Task to carry out | Please write out the lines of the data exactly, beginning with the first and ending with the line containing "Colorful symmetrical abstract"; leave the pictures behind.

Available data |
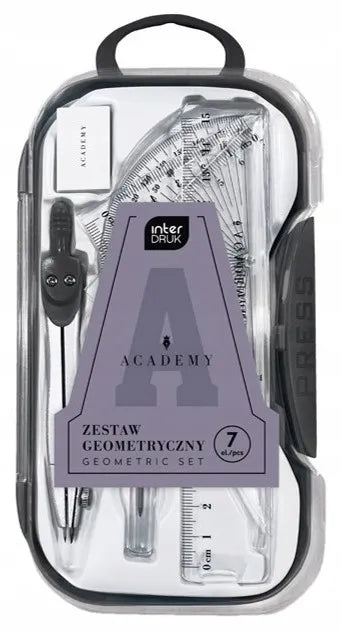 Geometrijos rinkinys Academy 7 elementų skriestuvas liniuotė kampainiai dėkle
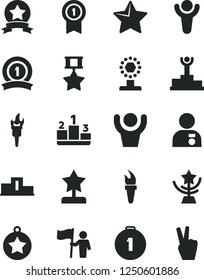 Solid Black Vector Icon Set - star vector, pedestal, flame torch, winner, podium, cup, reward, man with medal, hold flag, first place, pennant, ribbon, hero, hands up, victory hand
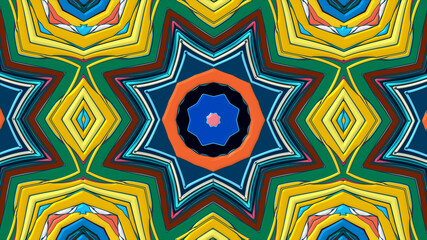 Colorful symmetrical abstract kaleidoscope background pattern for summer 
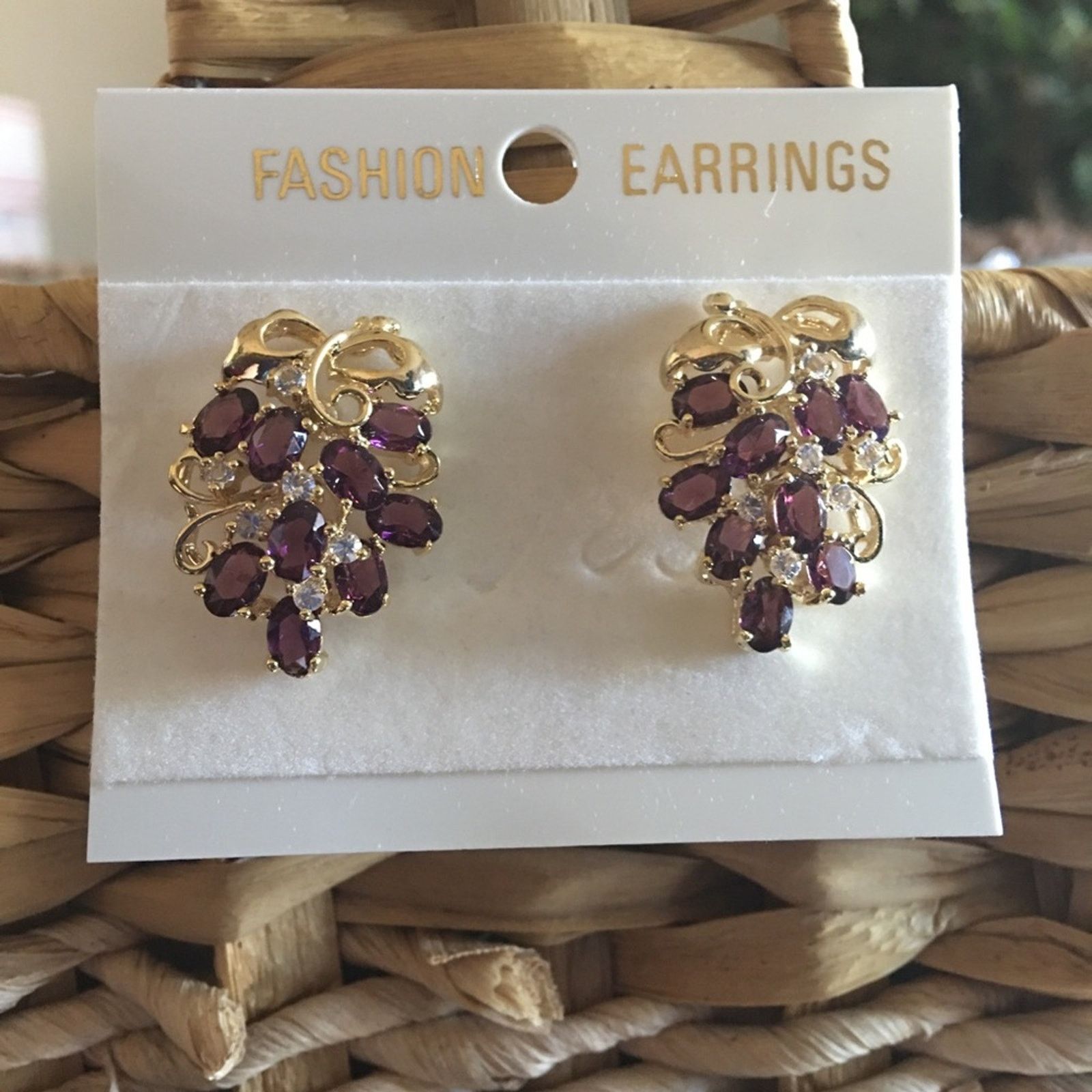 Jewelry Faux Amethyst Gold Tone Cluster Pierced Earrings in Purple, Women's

Answer area |
 Geometrijos rinkinys Academy 7 elementų skriestuvas liniuotė kampainiai dėkle
 Solid Black Vector Icon Set - star vector, pedestal, flame torch, winner, podium, cup, reward, man with medal, hold flag, first place, pennant, ribbon, hero, hands up, victory hand
 Colorful symmetrical abstract kaleidoscope background pattern for summer 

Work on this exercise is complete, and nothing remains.